Дневник - [12]
Подумала было — вот-вот взбешусь от собственного невежества. Ложная тревога: меня ничто не может вывести из равновесия. Ухожу в работу, как в убежище.
Понедельник, 1 июня
Утром перечитала «Старый Риволи»[50]. Мама зашла рассказать мне новость о желтых звездах[51], а я не стала слушать, сказала: «Потом поговорим». Но понимала, что at the back of ту mind[52] затаилось что-то неприятное.
Пришла из Сорбонны совершенно одуревшая. Я пыталась совместить работу библиотекаря и свою собственную. В результате свои обязанности я выполняла кое-как и вообще плохо соображала. Часа в три зашел Ж. М., потом Николь с Жан-Полем — у них не было лекции Понса. Я пребывала в glorious muddle[53].

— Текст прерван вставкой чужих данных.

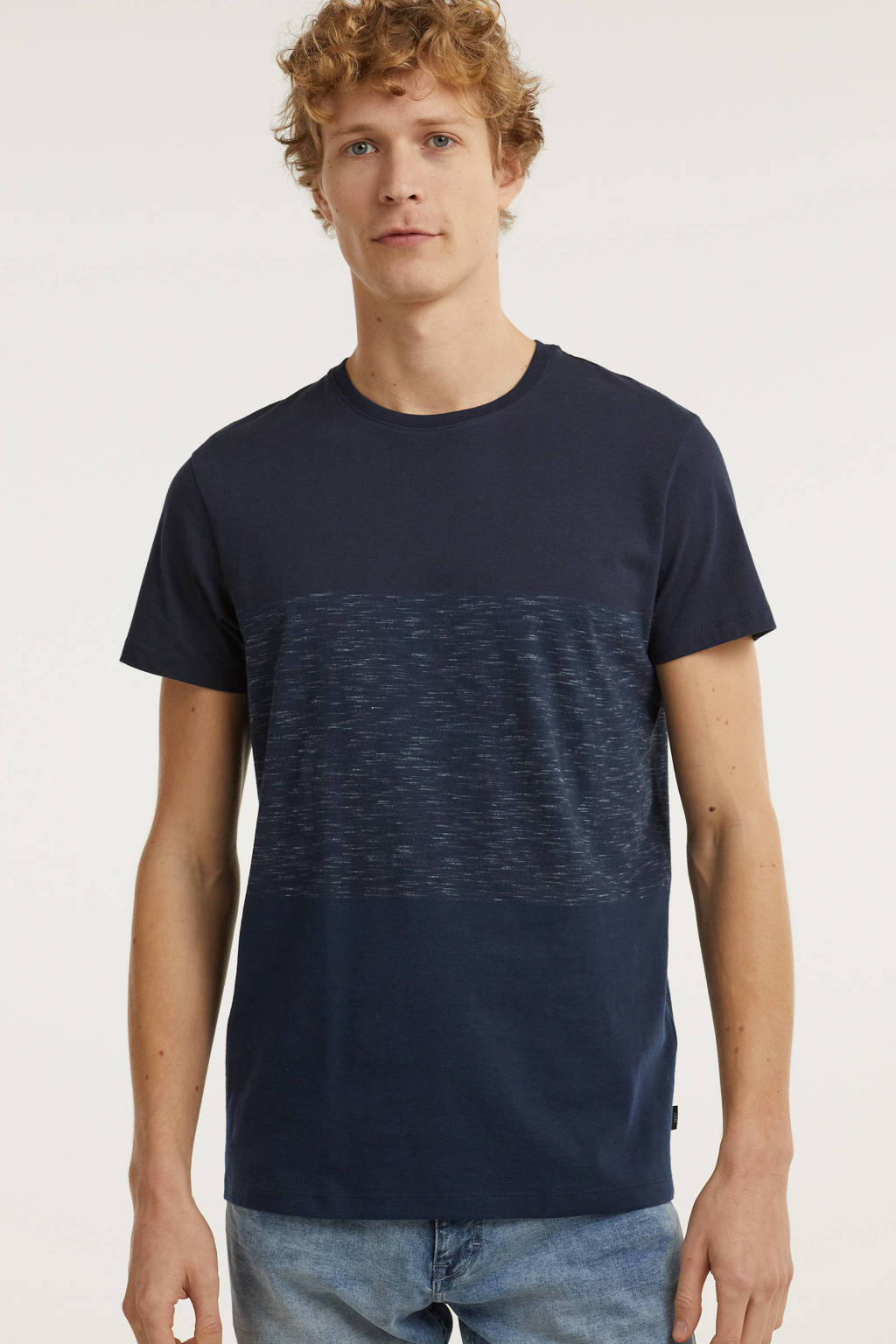 Donkerblauwe heren edc Men T-shirt katoen met meerkleurige print, korte mouwen en ronde hals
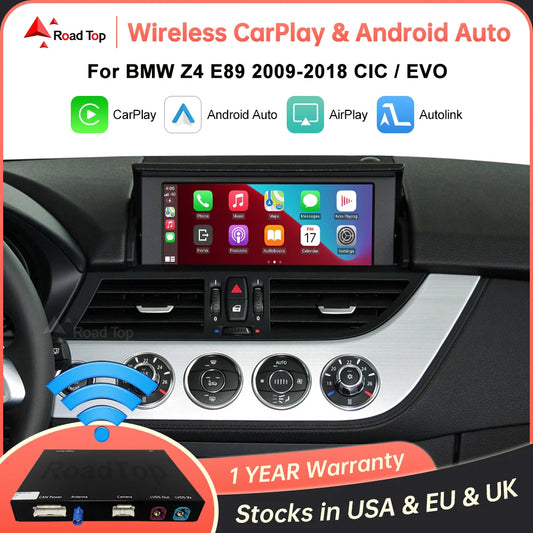 RoadTop Wireless CarPlay Android Auto pentru BMW Z4 E89 2009-2018 CIC EVO System, cu funcții Airplay Mirror Link Car Play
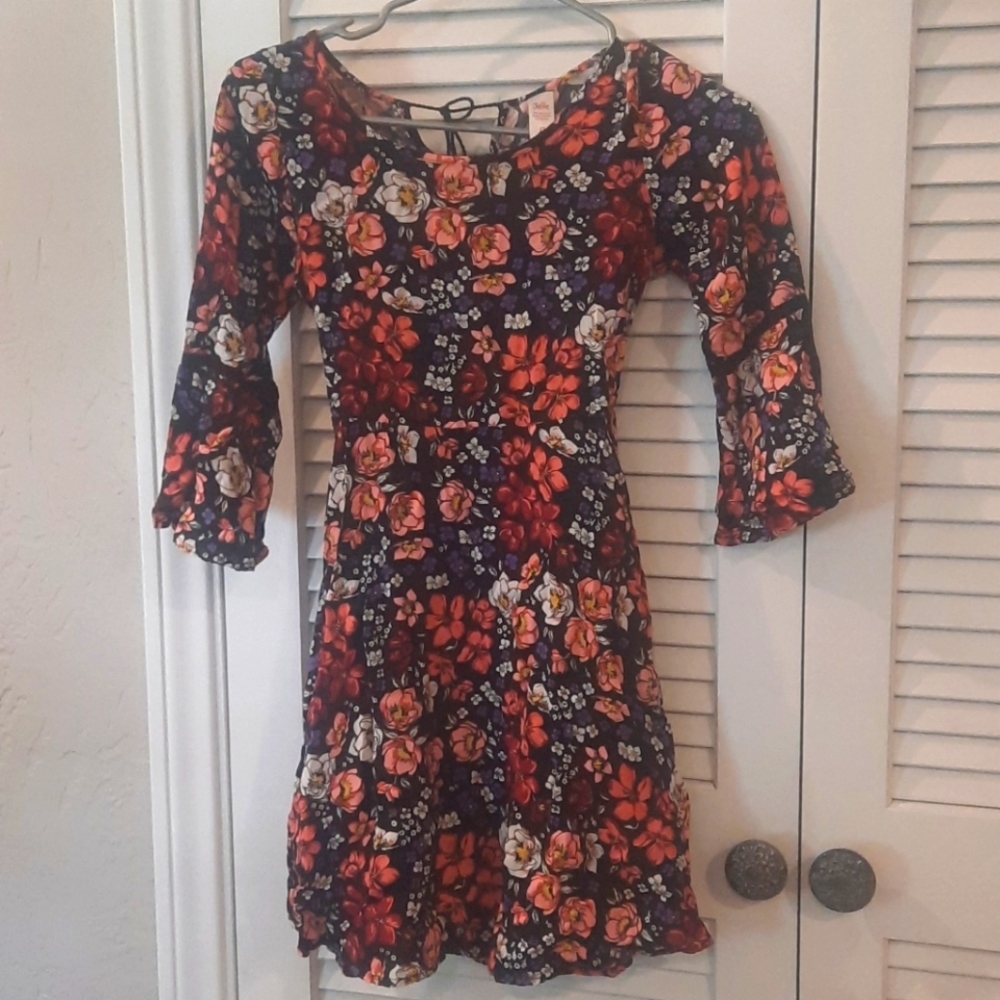 Justice Floral 3/4 Length Sleeve Dress
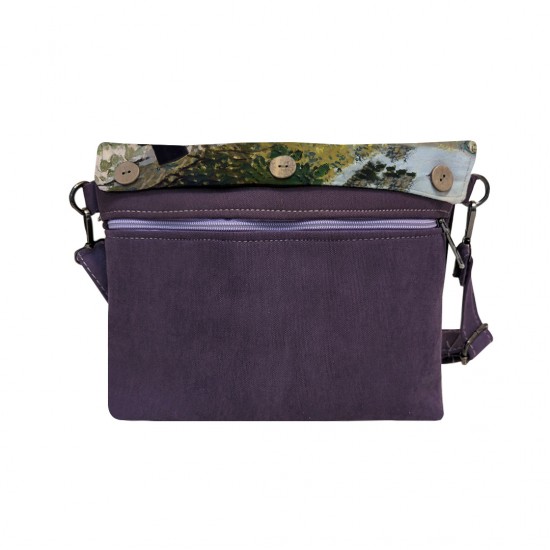 کیف دوشی طرح کامیل مونه رو نیمکت باغ از مونه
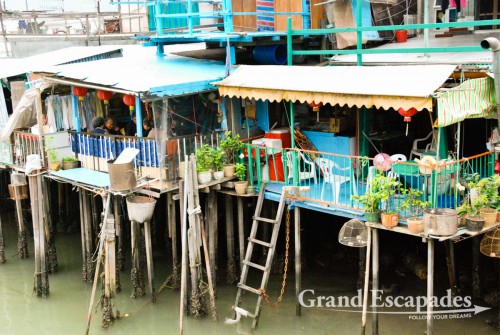 The fishing village of Tai O has undergone the biggest change: the stilt houses still existed, but lots of other houses had been built all around it. The hand drawn ferry had been replaced by a bridge and the street leading off it was lined with shops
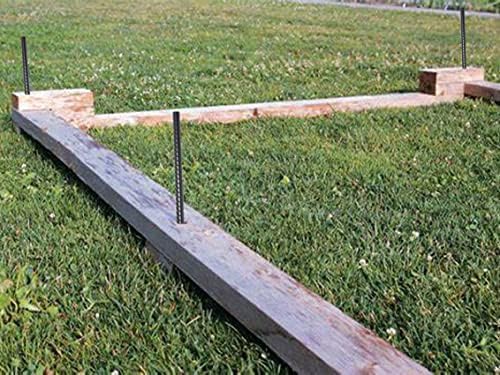 AAGUT Rebar Stakes 24 Inch 10 Pcs Landscape Timber Spikes 1/2", Heavy Duty Straight Garden Plant Stakes for Concrete Forming, Ground Anchors with Chisel Point End, Black
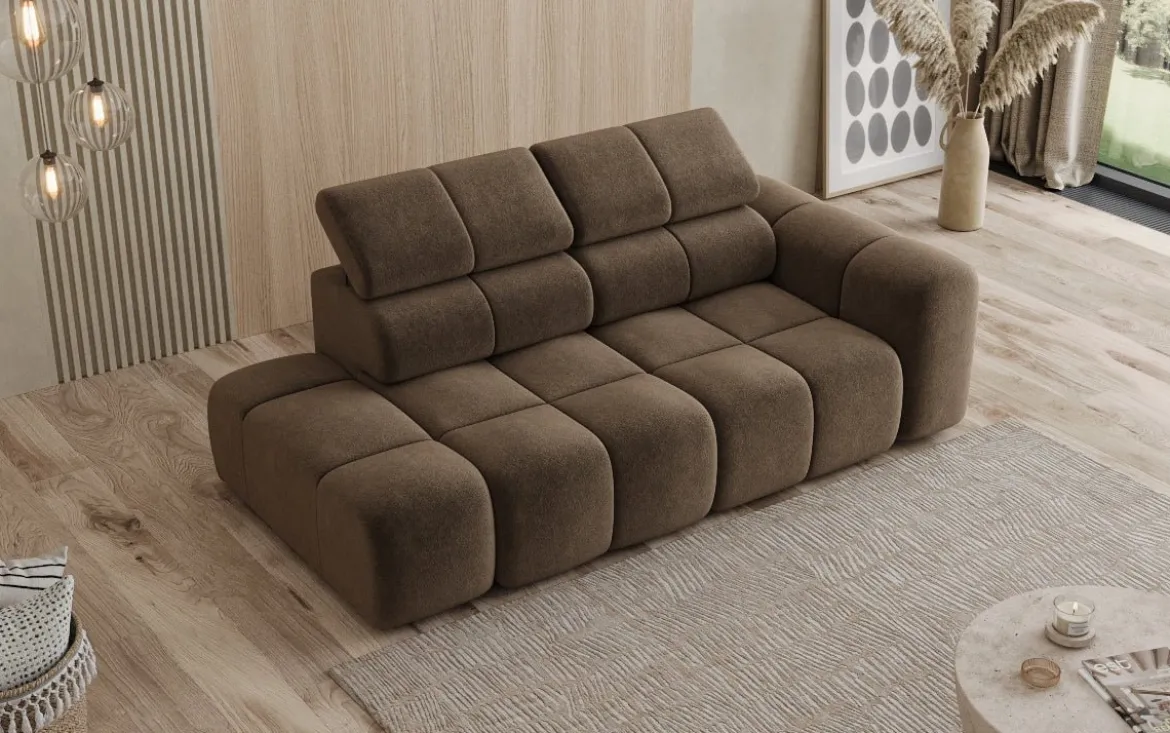 Designer Sofa 3-Sitzer mit Chaise Longue Mia in Chenille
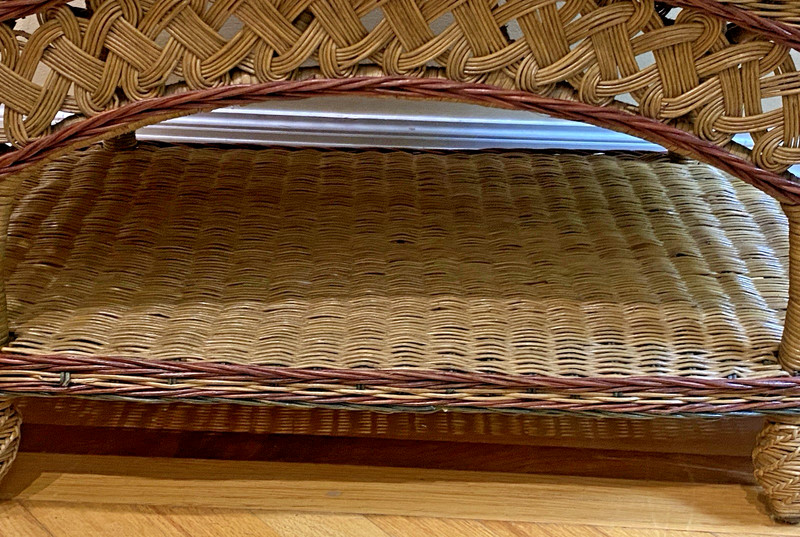 Vintage MCM Oval Wicker Rattan 2-Tier Coffee Table Bamboo Coastal Rare Design gallery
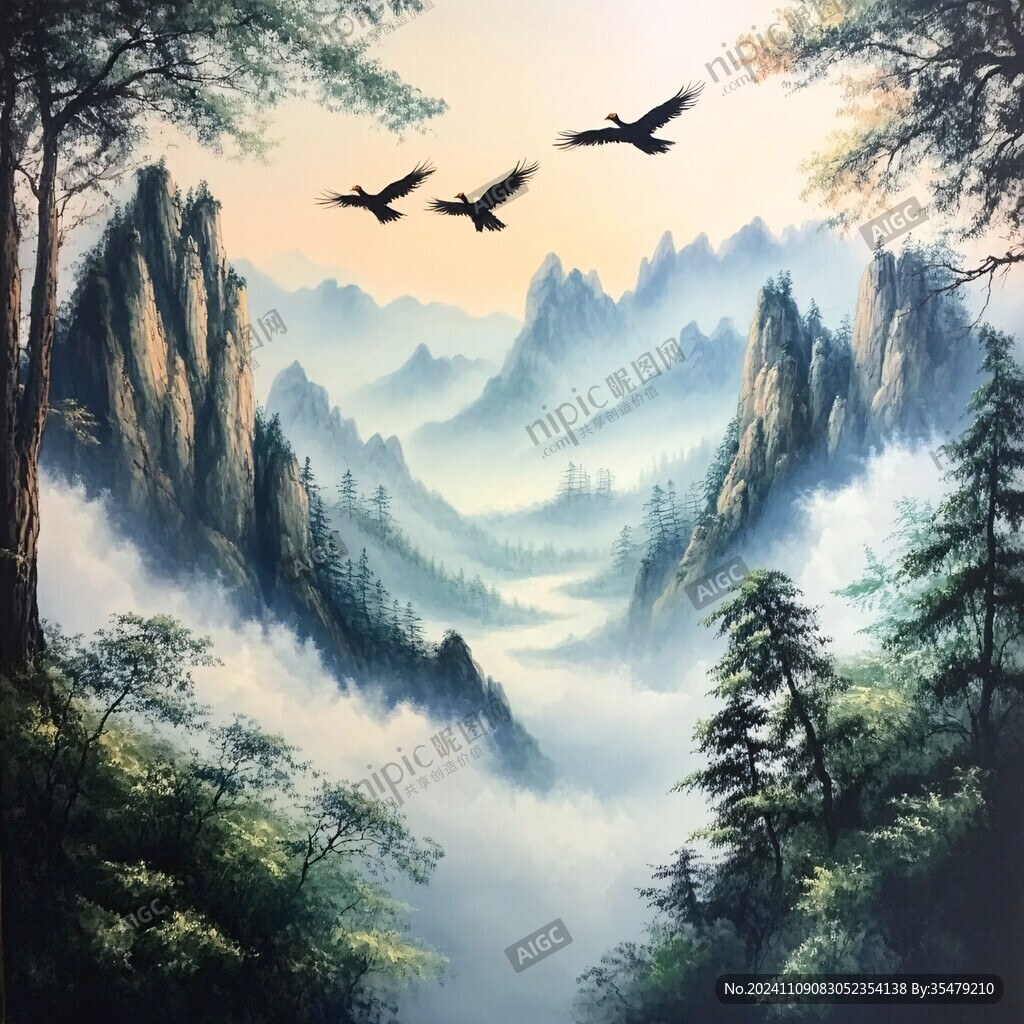 迎客松油画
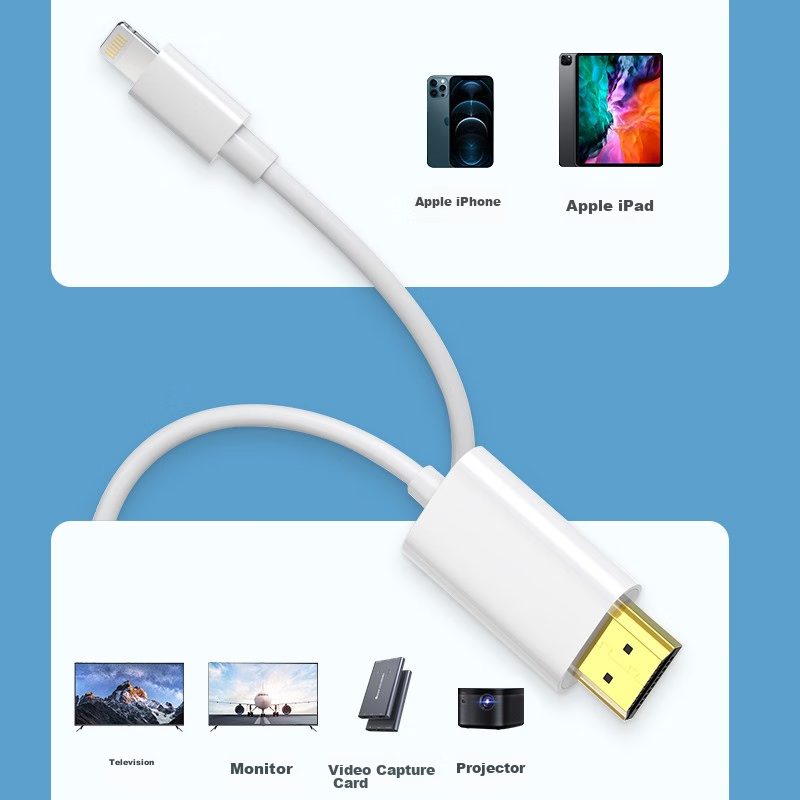 Biaze Lighting to HDMI Cable, Apple IPhone Screen Mirroring Cable/Screen Casting...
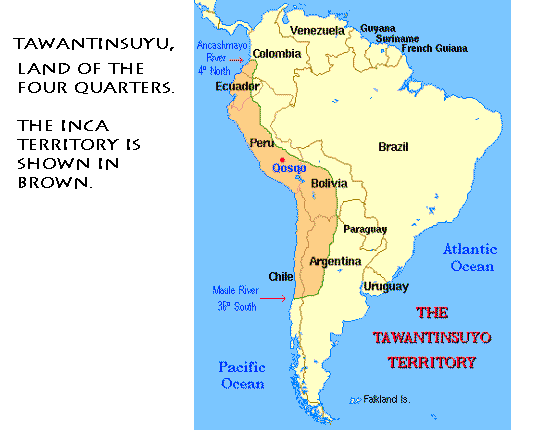 Map showing territory of the ancient Incas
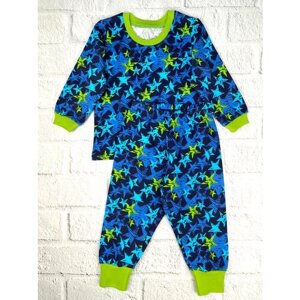 Пижама ПАНДА дети, размер 98, зеленый, синий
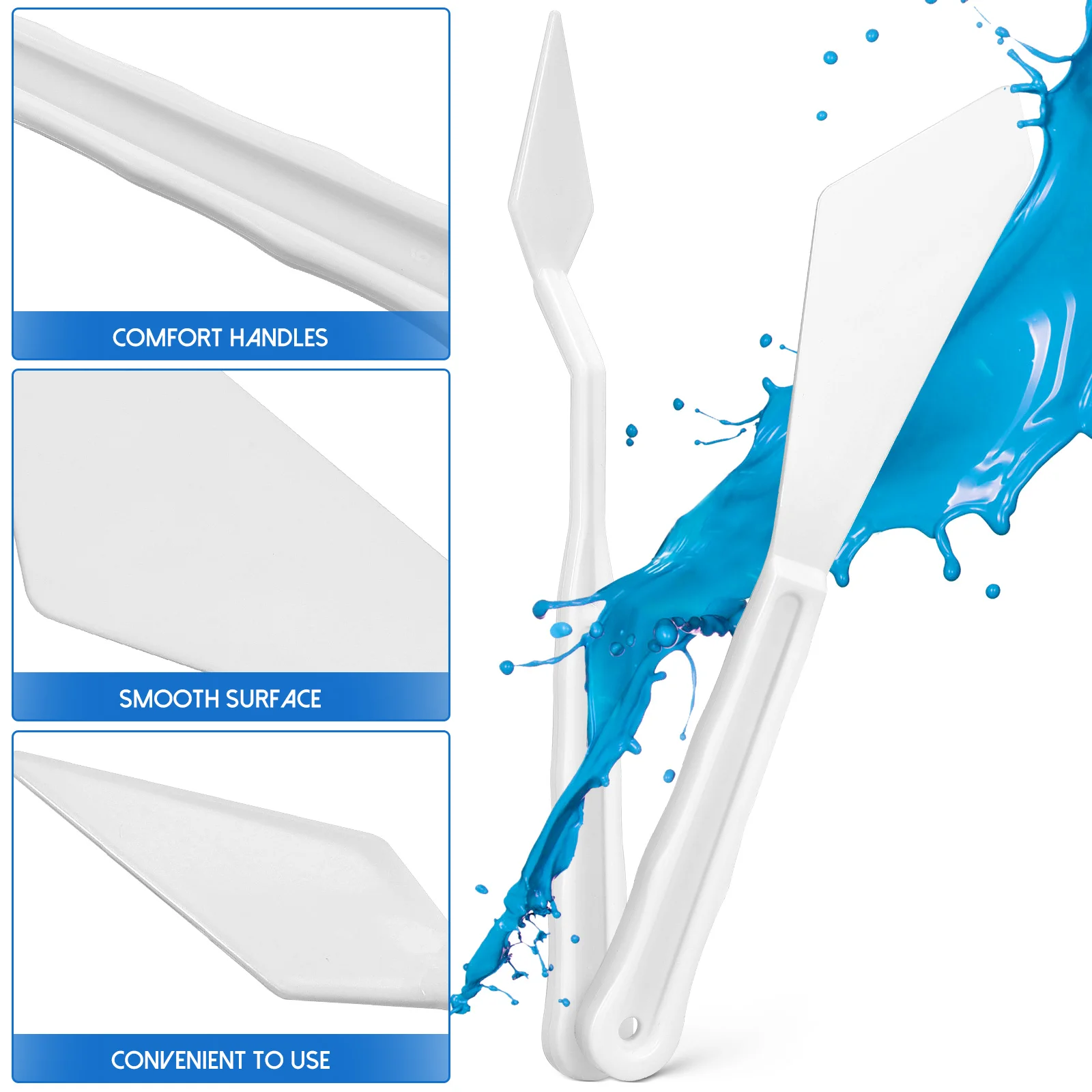 

6 Piece Plastic Scraper Set Oil Paint Spatulas for Pigment Mixing Artists Painting Tools Sturdy Build Comfort Handles Assorted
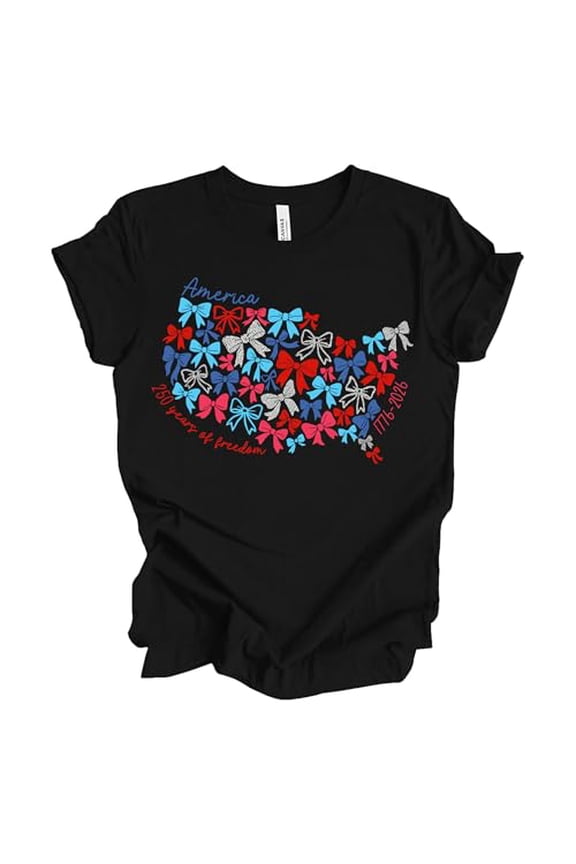Patriot Pride Women’s Bella Canvas Graphic T-Shirt – America 250 Years of Freedom Bow Flag Design, Black, Small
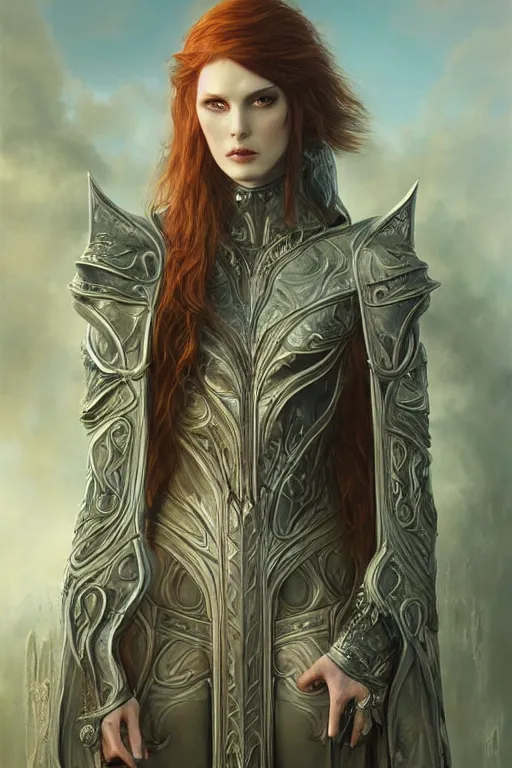 Prompt: ultra realist soft painting of a single gothic armored mage in a full long curvy slim dress in Elden Ring, thin long auburn hair, symmetry accurate features, very intricate details, volumetric lighting, by Tom Bagshaw Boris Vallejo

Дома нашла написанную карандашом открытку от Жерара — ничего существенного и даже без особого тепла. Но это меня не расстроило.
Четверг, 4 июня
Голова идет кругом.
У меня было wild morning[54]. Родители с Денизой уехали в шесть часов в Обер. Я попросилась остаться, чтобы посмотреть, — как друзья сдают экзамены.
Началось с того, что я тоже проснулась в шесть от света и жары.
Позавтракала одна, в девять вышла из дому и зашагала, свободная как ветер, наслаждаясь ясным и еще прохладным утром. Первым делом отправилась на почту послать Спаркенброку его книгу и вспомнила о прошлом годе — как же это было давно. Я ни о чем не жалею, но думаю об этом с легкой тоской.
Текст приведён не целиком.